Thought of Joseph Schooling, the story and his triumph. And the quote “Be Like Schooling” came to mind. The desire to win, to succeed and the chance to duel with his childhood idol. His dreams. My dreams. What am I doing for my dreams? What are my dreams?

“I wanna be the very best. Like no one ever was”

Due to the habitual catching of Pokémon, the above quote popped out in my head. There were some smaller goals that popped in my mind recently. It’s like reduce weight until 74kg. Be a more successful investor. Change of job. At the end of the day, I feel that I keep going back to these thoughts. Have I psycho myself so much that I keep thinking of these only? Or is these what I really want for my dreams? Another way of thought is that these are the steps that I need to take to achieve these dreams.

“I have no idea what I was supposed to do during my 20s. I only got a clearer picture after 30 and after setting up Alibaba”~~ Jack Ma

Happened to watch a short part of a Jack Ma’s interview, and this phrase which he said, stood out for me. I guess most people do not have a very clear idea what they should do, or what are their dreams ah.
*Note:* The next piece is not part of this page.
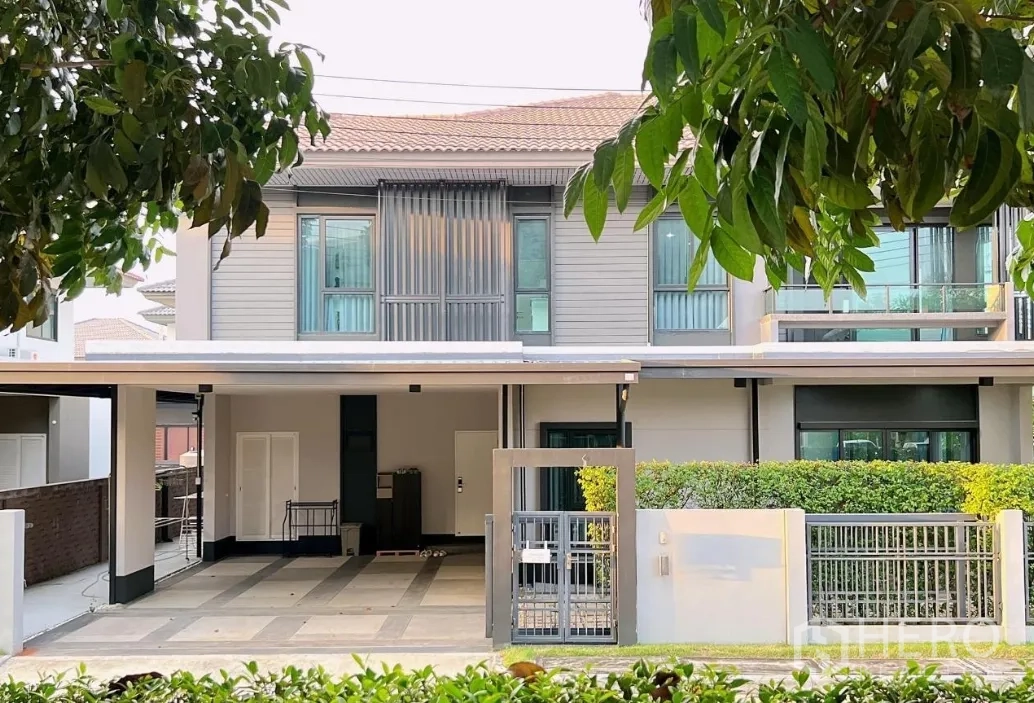 Detached House for rent or sale in Lam Luk Ka, Pathum Thani - Front elevation of the house with hedges and covered parking at sunset.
Don’t get me wrong, I have known friends and other humans who have known what they want. However, for people like me, I would guess I do not really have a clue. My goals just kind of change every time. At 21, I wanted to graduate with 1st class honors. I got a 2nd Upper instead at 25 years old. At 25, I very much want to enter to a Bank. Went thru 15 interviews and landed up in BNP WM Back office. After that, I don’t really have much else to fight for already. Drawing a basic salary of 2.6k take home and all, going for an annual trip overseas, saving for wedding and house in life.  I pretty much thought I will be a much improved investor but I think still quite far away.
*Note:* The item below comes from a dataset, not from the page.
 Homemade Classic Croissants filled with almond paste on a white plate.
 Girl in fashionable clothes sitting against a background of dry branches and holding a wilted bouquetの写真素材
“What you think is what you get”

So, after reading tons of positive thinking books like SECRET and all, this phrase kept popping in my mind. So it goes that what ones think during the day, it shall be brought to life from the Universe. If you keep thinking negatively, your life in the future will be negative too. It’s all about how one’s maintain the positive-ness and yet do something to make it happen. 

“Just Do It”

Which brings me to this famous quote under NIKE? Just do it, don’t think. I guess I have been pretty much plagued by this for most of my life on this planet. As I will ask about the end goal, and always contests whether is it worth it or not.  Think a lot, but never actually do it. I guess Army kind of took that worrying part of me away, cuz I don’t really have a say anyways. It’s just do it, and that’s why I can achieve an IPPT-Silver in my life. That’s when I lost the most weight. In a way, I managed to get over Samantha pretty much by then. If I take it a step further, most of my significant achievements are those that I just dug deep and pretty much keep working at it. Don’t have the time to worry whether it’s the right thing to do or not? Don’t have to think whether this is worth my time or not? Just do it.

Tuesday, August 09, 2016

After 48 hours

After the argument I had with a senior HK MA on monday, for some reason, I had not been a peace with myself. Initially, I had thought that it most probably the ego that was bruised or smthg. Otw back, decided to stop at the industrial park and walk back. Manage to catch a pidgey thats all, thought I will be able to sort my thoughts through after the 15 min walk. However, my mind was not clouded with the incident, but rather more disturbed. I wanted to think about it, but it seems that my mind is blank and stagnant. Eventually, fought a nearby Gym and help establish it a bit before heading home. Went home and had dinner, then found out that my gym had been over threw by another gym which has pretty high CP pokemons. I felt an initial disgust and anger towards the incident.Still wondering whether my ego is still bruised. At night,decided to play MH with Ernest, GK and his sister. Still felt not at peace.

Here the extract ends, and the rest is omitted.